• RECORD EXCERPTS:
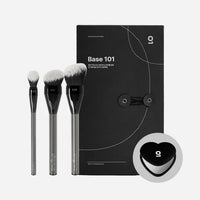 ohgnus [Cheongdam Artist Collaboration] Introduction to Base Makeup (Powder + Foundation + Blusher)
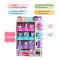 ตู้ขายของหยอดเหรียญ ตู้กดเครื่องสำอาง Sort, Stock, Select Beauty Kiosk Play Set รุ่น 6704 ยี่ห้อ Melissa & Doug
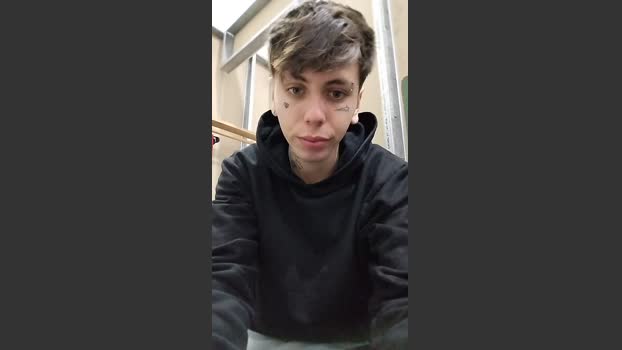 sableye21 07-07-2025 Recorded Video jerkoff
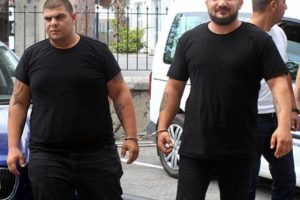 Ünlü diyetisyeni hastanelik etmişlerdi! 9 bodyguard...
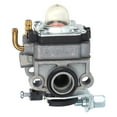 thumbnail image 1 of Carburetor, High Reliability Carburetor Kit Easy Installation 309370002 For Agriculture For Garden For Home ANGGREK Otros, 1 of 8
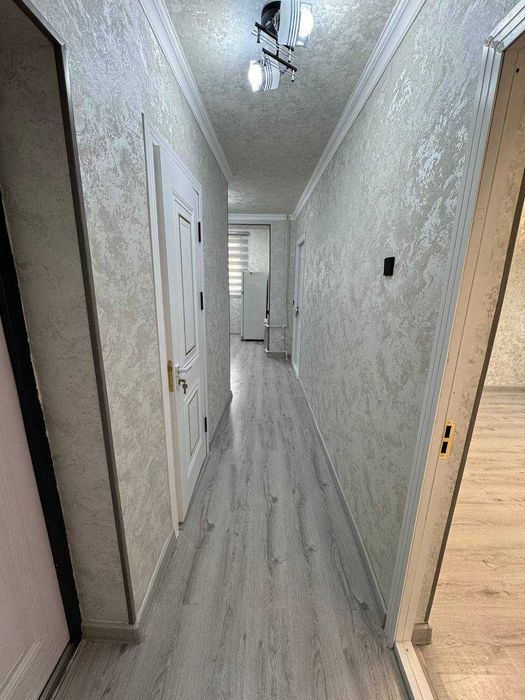 ;Chilonzor‼️1*2xona kvartira 44m2 g'isht 7-mavze 7-roddom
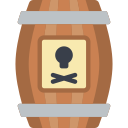 barril icon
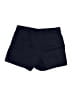 Chaps Solid Blue Athletic Shorts Size 6 (petite) - photo 2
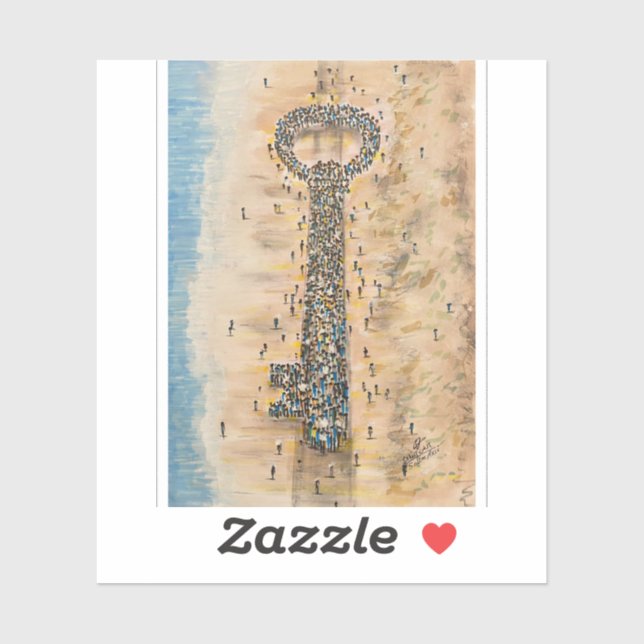 Right of Return Sticker (Sheet)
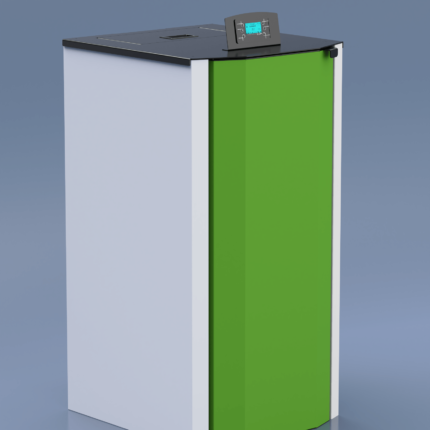Centrala peleti Mareli compacta Matera 12kw Mareli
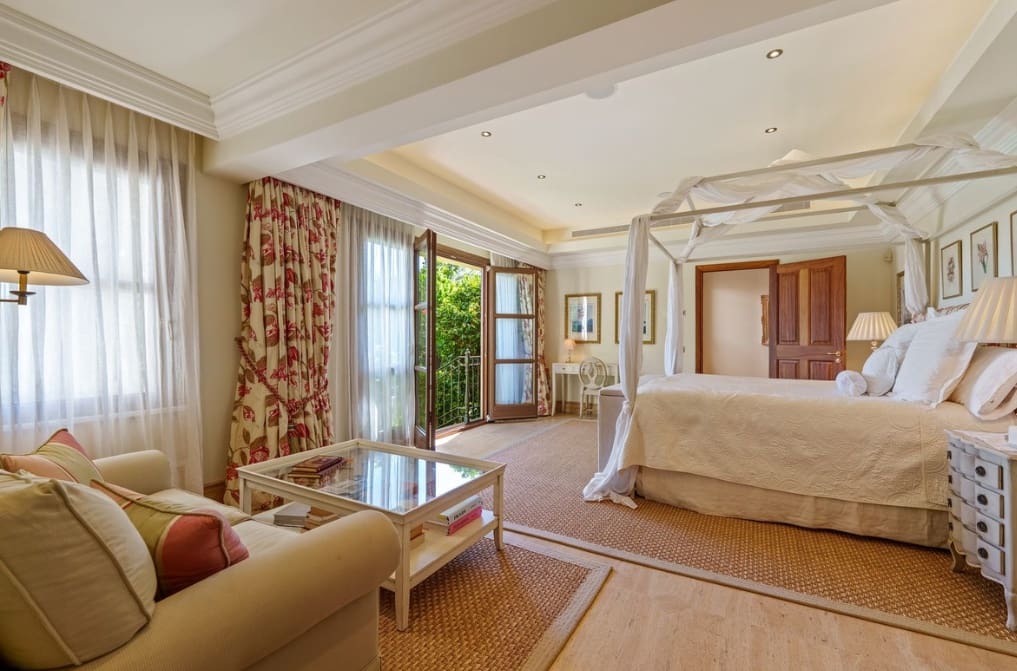 6 soveværelse Villa til salg i Marbella med swimmingpool garage - € 8.950.000 (Ref: 9813247)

• ABOUT THIS TASK: Set down the entire material verbatim, with each picture left out.

• REPLY TO THE TASK:
 ohgnus [Cheongdam Artist Collaboration] Introduction to Base Makeup (Powder + Foundation + Blusher)
 ตู้ขายของหยอดเหรียญ ตู้กดเครื่องสำอาง Sort, Stock, Select Beauty Kiosk Play Set รุ่น 6704 ยี่ห้อ Melissa & Doug
 sableye21 07-07-2025 Recorded Video jerkoff
 Ünlü diyetisyeni hastanelik etmişlerdi! 9 bodyguard...
 thumbnail image 1 of Carburetor, High Reliability Carburetor Kit Easy Installation 309370002 For Agriculture For Garden For Home ANGGREK Otros, 1 of 8
 ;Chilonzor‼️1*2xona kvartira 44m2 g'isht 7-mavze 7-roddom
 barril icon
 Chaps Solid Blue Athletic Shorts Size 6 (petite) - photo 2
 Right of Return Sticker (Sheet)
Centrala peleti Mareli compacta Matera 12kw Mareli
 6 soveværelse Villa til salg i Marbella med swimmingpool garage - € 8.950.000 (Ref: 9813247)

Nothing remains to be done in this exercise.